Market turmoil this week stems from a single overwhelming concern: spiraling inflation. Following military strikes by the US and Israel on Iran over the weekend, investors fear that prolonged conflict could push oil prices higher and scramble the inflation outlook at a critical time when President Donald Trump has prioritized affordability and economic growth appears fragile.
Oil prices, a key driver of inflation, have surged since the strikes, with Brent crude climbing to $84 per barrel on Tuesday, its highest level in more than a year. According to José Torres, a senior economist at Interactive Brokers, the significance of oil means that any increase immediately translates into rising inflation across the economy.

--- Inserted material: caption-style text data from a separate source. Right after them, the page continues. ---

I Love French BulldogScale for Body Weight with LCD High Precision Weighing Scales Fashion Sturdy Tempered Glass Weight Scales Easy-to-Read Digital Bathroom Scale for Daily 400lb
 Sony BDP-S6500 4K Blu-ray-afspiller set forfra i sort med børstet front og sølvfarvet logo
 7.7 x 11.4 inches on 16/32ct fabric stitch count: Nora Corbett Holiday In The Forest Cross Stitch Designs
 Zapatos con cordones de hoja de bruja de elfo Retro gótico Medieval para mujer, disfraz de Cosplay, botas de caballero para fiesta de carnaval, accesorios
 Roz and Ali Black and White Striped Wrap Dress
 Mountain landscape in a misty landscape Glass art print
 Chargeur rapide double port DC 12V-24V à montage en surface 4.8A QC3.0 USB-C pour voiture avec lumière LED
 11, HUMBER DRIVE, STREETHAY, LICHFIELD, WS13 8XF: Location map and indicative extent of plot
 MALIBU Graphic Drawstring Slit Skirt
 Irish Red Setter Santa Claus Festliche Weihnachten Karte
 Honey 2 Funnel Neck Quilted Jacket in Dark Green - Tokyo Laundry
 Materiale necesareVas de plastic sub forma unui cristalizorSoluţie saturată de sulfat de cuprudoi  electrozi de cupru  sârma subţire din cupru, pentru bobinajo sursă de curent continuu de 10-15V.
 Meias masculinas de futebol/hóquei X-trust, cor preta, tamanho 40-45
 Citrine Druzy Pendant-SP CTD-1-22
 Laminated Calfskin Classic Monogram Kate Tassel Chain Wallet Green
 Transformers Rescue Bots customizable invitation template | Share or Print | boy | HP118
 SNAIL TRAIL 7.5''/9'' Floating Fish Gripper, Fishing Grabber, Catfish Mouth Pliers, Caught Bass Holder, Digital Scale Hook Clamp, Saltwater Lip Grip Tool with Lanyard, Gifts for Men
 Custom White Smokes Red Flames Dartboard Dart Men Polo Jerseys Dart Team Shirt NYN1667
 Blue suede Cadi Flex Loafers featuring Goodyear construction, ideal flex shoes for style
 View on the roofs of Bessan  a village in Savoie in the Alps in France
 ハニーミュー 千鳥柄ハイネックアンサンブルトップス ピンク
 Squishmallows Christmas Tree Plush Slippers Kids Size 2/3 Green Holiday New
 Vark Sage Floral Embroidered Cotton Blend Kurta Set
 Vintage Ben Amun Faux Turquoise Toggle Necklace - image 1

Consumer prices had been edging lower in recent months, but discussion of an oil price shock similar to the 1970s has begun circulating across Wall Street. These concerns intensified after wholesale prices, a forward-looking inflation indicator, came in much hotter than expected last Friday, according to market reports.
Additionally, inflation fears are evident in the sharp spike in Treasury yields, which reflect investors dumping US bonds in anticipation of hotter inflation and fewer rate cuts. The 10-year US Treasury yield surged to 4.1% on Tuesday, Torres noted.
Rising Inflation Expectations Across Markets
Oil price spikes function as macro transmission mechanisms that ripple through inflation, not merely energy stories, according to Mark Malek, the CIO of Siebert Financial. He warned that the longer supply routes remain impaired, the greater the structural inflation risk becomes.
Should crude oil sustain its current price spike, Malek expects consumer inflation to rise by approximately 0.5 percentage points this year. Meanwhile, economists at SocGen indicated that if oil prices reach $90 per barrel and remain there for at least three months, global inflation could increase as much as 1 percentage point.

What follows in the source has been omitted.